Records from a data source:
——————

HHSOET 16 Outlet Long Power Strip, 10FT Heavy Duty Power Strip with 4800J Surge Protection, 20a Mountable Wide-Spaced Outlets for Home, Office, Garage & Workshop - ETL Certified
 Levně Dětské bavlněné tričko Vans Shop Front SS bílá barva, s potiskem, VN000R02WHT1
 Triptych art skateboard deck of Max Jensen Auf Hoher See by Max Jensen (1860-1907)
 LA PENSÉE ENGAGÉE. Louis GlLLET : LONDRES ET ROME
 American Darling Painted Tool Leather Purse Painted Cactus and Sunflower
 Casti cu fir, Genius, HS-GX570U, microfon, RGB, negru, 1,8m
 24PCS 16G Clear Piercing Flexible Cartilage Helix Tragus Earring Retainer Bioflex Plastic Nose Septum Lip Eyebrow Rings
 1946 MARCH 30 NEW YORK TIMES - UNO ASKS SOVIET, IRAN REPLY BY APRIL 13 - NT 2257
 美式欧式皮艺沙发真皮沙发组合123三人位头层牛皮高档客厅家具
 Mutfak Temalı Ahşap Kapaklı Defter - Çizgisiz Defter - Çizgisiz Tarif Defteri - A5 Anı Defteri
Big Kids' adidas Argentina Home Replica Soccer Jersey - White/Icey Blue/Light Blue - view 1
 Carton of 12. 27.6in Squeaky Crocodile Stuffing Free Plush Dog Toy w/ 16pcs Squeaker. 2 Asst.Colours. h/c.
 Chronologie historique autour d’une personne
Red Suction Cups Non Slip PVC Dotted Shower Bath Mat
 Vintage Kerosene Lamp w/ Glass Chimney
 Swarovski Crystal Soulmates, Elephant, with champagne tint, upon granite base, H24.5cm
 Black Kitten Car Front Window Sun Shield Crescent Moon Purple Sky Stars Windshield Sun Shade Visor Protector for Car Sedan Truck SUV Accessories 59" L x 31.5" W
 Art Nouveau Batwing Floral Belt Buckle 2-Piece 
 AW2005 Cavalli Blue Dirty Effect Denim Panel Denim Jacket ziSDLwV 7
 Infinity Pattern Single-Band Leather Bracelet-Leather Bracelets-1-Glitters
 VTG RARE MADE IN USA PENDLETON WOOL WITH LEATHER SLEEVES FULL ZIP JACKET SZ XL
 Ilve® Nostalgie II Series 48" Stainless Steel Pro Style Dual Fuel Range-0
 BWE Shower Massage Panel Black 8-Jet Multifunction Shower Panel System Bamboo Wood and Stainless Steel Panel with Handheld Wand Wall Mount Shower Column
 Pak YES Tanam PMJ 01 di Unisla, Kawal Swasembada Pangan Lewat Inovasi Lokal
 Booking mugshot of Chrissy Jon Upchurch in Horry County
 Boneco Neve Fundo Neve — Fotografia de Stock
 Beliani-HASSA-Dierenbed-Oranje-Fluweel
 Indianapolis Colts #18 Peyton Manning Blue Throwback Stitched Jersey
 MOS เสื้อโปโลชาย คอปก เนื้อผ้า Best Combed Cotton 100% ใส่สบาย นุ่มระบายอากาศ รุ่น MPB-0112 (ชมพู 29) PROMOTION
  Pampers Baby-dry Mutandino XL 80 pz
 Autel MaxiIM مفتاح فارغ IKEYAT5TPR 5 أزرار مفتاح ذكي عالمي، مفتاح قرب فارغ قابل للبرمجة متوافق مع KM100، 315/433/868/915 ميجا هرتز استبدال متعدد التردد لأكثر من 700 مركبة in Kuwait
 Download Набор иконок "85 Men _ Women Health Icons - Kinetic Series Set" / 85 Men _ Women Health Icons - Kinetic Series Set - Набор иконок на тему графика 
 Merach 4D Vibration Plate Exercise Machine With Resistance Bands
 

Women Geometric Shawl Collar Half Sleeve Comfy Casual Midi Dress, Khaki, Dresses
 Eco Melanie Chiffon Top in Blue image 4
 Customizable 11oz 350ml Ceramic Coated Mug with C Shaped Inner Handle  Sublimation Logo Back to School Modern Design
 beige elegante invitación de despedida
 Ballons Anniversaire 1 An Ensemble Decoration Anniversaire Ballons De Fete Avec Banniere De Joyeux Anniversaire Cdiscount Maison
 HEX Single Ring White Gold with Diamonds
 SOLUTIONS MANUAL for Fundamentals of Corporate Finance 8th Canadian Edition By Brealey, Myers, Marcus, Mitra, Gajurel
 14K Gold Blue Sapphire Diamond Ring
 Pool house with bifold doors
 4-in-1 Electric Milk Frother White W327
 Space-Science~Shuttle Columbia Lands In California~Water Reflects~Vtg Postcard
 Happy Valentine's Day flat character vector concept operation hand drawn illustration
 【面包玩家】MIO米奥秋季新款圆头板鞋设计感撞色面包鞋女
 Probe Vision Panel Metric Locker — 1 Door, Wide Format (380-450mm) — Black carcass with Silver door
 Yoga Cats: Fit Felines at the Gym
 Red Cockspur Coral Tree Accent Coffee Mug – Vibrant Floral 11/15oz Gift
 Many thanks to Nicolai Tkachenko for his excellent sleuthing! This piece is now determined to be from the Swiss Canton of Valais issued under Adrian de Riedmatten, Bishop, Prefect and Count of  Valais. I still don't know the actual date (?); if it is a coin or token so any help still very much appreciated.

——————

# Exercise instructions
Please return only the lines above, starting at the line that has "Pak YES Tanam" and ending at the line that has "Pampers Baby-dry Mutandino XL 80 pz", keeping both and leaving each one unchanged.

# Solution for this problem
 Pak YES Tanam PMJ 01 di Unisla, Kawal Swasembada Pangan Lewat Inovasi Lokal
 Booking mugshot of Chrissy Jon Upchurch in Horry County
 Boneco Neve Fundo Neve — Fotografia de Stock
 Beliani-HASSA-Dierenbed-Oranje-Fluweel
 Indianapolis Colts #18 Peyton Manning Blue Throwback Stitched Jersey
 MOS เสื้อโปโลชาย คอปก เนื้อผ้า Best Combed Cotton 100% ใส่สบาย นุ่มระบายอากาศ รุ่น MPB-0112 (ชมพู 29) PROMOTION
  Pampers Baby-dry Mutandino XL 80 pz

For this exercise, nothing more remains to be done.